-- Opening Marker --

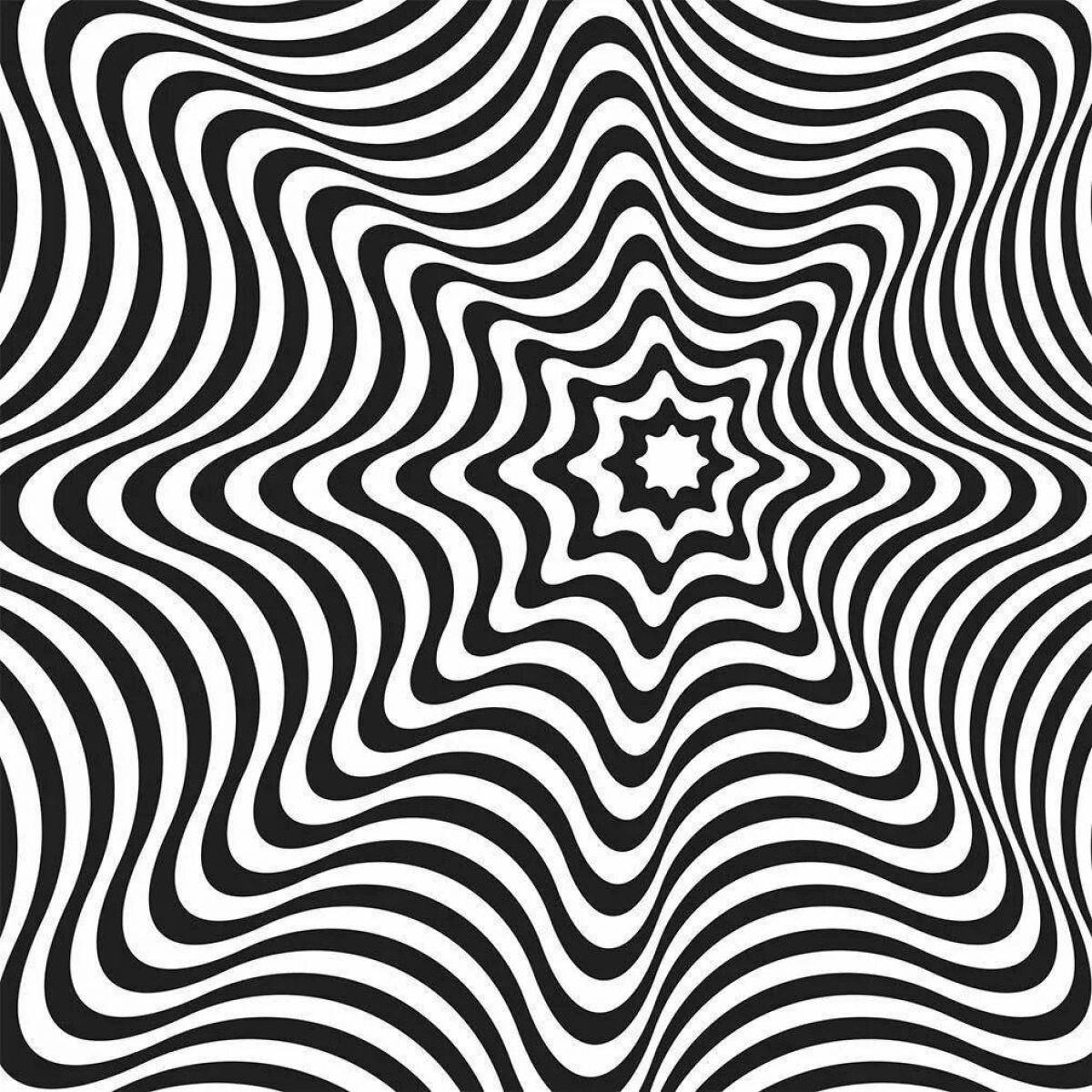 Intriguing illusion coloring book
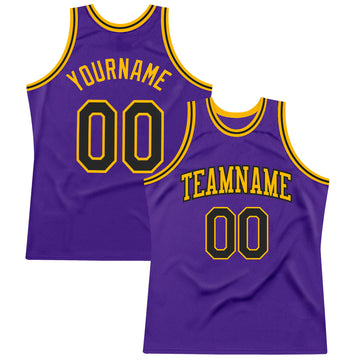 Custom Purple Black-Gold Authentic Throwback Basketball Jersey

-- Closing Marker --
-- Opening Marker --

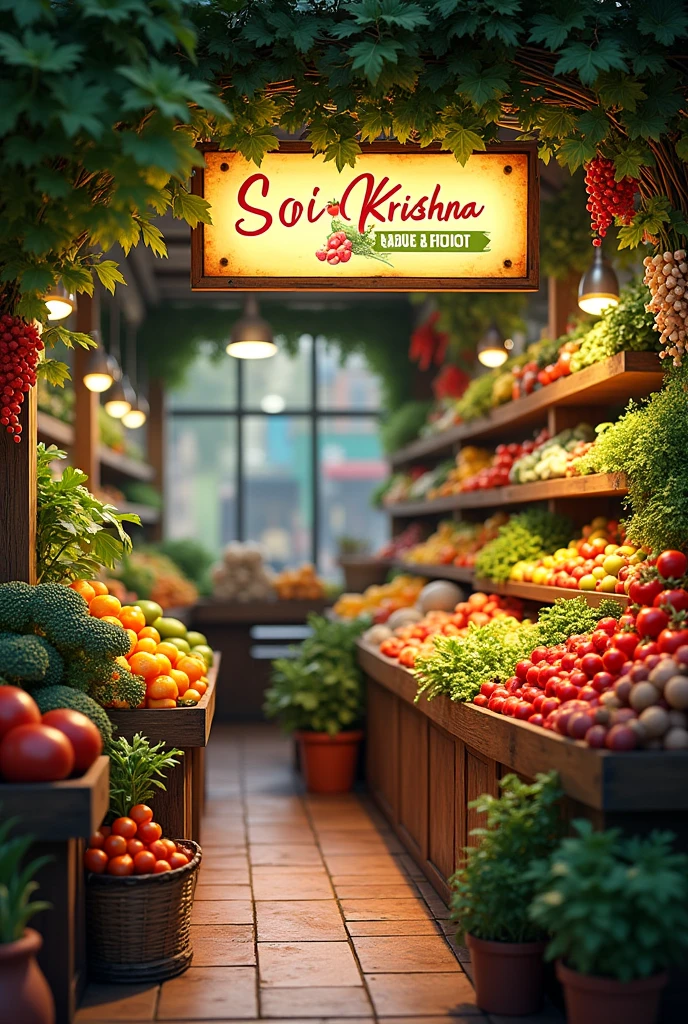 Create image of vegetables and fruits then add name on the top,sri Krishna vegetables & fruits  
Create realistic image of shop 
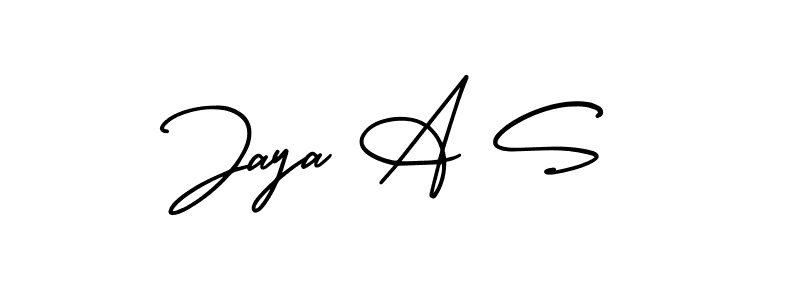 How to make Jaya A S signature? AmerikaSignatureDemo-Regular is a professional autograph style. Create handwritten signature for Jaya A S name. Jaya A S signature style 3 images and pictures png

-- Closing Marker --

◆ THE PROBLEM
All that should appear in the answer is the lines above from the line with "Intriguing illusion coloring book" through the line with "Custom Purple Black-Gold", retyped exactly, pictures left out.

◆ OUTPUT FOR THIS EXERCISE
 Intriguing illusion coloring book
 Custom Purple Black-Gold Authentic Throwback Basketball Jersey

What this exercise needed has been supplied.